WHAT THE TASK ASKS: Where the line with "Cpl. George J." appears below, start writing out lines exactly, and finish with the line with "red delayed stamp", which is included; write out nothing else.

Records excerpted from a collection:
--- START ---

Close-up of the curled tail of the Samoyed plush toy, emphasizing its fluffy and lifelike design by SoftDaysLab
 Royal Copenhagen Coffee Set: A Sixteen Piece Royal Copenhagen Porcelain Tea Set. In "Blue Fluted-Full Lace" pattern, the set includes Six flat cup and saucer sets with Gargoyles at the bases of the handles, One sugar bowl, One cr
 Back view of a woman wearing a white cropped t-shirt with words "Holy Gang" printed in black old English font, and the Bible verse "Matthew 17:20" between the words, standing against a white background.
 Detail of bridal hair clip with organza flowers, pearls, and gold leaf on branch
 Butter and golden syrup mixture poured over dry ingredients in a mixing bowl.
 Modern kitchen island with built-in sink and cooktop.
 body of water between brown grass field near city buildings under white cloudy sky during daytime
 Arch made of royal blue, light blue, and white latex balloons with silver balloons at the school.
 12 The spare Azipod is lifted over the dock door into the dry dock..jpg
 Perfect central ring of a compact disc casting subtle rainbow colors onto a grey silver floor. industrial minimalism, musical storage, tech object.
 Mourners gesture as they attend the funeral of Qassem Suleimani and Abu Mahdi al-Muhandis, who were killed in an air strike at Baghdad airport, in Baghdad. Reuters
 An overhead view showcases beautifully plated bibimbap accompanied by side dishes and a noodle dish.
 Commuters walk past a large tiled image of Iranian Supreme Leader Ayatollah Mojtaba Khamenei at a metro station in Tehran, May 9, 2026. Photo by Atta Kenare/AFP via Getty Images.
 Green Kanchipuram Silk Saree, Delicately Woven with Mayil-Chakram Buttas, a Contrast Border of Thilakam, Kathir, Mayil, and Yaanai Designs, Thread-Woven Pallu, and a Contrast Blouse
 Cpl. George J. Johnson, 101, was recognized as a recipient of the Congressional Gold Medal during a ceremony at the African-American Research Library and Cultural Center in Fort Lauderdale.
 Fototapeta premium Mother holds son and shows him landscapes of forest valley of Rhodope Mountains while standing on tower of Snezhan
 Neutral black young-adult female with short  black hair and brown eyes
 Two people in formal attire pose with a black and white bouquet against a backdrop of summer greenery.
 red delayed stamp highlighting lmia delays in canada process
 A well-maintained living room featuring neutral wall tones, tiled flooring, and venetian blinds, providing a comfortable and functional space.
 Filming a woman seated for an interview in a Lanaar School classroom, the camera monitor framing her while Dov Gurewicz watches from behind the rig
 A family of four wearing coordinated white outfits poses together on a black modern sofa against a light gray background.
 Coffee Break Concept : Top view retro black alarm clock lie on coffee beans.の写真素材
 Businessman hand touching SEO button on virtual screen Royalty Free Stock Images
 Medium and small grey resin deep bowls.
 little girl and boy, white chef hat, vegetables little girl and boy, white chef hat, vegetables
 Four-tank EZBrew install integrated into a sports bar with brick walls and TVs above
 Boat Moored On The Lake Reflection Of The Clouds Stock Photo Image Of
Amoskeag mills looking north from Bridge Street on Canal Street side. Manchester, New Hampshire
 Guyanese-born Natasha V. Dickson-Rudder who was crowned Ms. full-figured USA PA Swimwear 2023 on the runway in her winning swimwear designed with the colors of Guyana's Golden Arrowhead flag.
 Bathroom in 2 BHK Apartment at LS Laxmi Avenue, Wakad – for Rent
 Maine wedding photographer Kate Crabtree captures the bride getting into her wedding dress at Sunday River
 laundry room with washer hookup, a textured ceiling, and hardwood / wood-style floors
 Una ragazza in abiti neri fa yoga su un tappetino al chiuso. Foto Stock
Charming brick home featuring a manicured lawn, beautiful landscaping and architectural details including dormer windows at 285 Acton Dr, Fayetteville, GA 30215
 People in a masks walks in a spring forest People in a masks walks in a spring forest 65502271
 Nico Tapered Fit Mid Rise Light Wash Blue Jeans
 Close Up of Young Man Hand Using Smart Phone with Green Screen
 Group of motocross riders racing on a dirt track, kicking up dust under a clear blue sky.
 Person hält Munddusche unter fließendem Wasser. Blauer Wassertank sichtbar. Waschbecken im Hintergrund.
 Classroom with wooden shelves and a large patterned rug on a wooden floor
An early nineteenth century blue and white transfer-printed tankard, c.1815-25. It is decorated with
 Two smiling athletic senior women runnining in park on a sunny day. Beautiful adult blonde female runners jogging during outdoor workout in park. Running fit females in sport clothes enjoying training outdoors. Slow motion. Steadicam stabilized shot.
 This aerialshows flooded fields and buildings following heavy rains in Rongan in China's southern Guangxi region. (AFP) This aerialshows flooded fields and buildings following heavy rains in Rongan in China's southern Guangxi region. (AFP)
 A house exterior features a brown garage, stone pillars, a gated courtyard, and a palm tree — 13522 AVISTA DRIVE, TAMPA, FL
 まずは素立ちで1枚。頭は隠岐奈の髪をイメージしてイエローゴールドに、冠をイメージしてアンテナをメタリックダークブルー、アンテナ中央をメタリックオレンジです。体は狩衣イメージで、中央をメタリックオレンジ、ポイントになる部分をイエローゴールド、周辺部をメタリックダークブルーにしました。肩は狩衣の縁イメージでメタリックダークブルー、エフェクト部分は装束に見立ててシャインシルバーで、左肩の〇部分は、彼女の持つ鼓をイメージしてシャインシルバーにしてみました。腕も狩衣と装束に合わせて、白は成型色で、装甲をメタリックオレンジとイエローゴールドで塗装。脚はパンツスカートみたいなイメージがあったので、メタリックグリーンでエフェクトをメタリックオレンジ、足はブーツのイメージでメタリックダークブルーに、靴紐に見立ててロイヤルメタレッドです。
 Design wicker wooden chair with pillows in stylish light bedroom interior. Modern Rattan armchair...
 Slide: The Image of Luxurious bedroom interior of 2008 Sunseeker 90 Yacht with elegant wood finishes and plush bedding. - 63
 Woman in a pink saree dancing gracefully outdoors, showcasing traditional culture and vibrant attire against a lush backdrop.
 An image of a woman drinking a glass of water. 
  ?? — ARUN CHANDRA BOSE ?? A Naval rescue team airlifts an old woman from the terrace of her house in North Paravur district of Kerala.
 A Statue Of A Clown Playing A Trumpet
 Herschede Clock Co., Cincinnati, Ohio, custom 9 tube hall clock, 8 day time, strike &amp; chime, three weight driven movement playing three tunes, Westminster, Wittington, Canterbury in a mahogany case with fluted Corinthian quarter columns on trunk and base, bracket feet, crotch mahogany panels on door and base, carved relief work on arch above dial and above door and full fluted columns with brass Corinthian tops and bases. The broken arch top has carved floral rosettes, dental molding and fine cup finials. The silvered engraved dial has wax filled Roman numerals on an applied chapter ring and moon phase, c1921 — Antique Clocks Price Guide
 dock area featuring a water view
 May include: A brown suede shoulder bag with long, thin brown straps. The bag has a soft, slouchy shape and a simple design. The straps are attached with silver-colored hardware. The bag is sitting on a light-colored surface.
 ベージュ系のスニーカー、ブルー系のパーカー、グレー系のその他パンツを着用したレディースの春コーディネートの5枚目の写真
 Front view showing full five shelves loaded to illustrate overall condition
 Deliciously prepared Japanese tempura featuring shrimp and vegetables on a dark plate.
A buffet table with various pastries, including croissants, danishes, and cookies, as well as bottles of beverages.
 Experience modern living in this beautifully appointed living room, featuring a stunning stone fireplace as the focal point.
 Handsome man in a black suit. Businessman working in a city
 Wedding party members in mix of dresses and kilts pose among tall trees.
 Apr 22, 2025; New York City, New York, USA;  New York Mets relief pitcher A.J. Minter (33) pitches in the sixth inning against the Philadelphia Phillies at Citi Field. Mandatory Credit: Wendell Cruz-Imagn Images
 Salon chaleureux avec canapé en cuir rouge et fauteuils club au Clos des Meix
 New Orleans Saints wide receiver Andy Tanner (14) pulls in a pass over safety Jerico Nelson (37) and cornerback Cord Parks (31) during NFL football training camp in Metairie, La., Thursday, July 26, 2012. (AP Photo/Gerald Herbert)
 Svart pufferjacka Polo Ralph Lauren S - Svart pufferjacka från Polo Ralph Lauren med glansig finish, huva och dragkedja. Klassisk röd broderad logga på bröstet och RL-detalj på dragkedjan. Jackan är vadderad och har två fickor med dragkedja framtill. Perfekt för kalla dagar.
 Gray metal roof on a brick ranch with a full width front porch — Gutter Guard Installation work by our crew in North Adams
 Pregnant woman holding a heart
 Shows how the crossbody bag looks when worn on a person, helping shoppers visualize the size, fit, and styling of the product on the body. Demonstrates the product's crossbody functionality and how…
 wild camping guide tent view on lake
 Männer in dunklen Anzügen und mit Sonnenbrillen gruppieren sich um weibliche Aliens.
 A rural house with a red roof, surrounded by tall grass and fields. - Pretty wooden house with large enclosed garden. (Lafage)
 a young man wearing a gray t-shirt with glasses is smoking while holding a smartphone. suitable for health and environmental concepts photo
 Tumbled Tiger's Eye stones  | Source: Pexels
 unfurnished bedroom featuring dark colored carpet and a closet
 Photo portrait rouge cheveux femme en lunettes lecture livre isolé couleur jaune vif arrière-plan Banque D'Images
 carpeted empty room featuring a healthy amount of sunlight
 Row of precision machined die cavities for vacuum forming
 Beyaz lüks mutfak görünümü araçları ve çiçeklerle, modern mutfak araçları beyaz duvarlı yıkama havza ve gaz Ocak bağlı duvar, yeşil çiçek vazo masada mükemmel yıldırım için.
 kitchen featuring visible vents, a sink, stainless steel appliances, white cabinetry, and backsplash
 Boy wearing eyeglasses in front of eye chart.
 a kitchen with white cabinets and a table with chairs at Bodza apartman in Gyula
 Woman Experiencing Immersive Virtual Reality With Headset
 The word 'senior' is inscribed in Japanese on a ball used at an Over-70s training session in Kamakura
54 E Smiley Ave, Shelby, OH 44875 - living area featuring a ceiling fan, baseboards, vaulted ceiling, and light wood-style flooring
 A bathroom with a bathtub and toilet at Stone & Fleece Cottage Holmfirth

--- END ---

RESPONSE AREA:
 Cpl. George J. Johnson, 101, was recognized as a recipient of the Congressional Gold Medal during a ceremony at the African-American Research Library and Cultural Center in Fort Lauderdale.
 Fototapeta premium Mother holds son and shows him landscapes of forest valley of Rhodope Mountains while standing on tower of Snezhan
 Neutral black young-adult female with short  black hair and brown eyes
 Two people in formal attire pose with a black and white bouquet against a backdrop of summer greenery.
 red delayed stamp highlighting lmia delays in canada process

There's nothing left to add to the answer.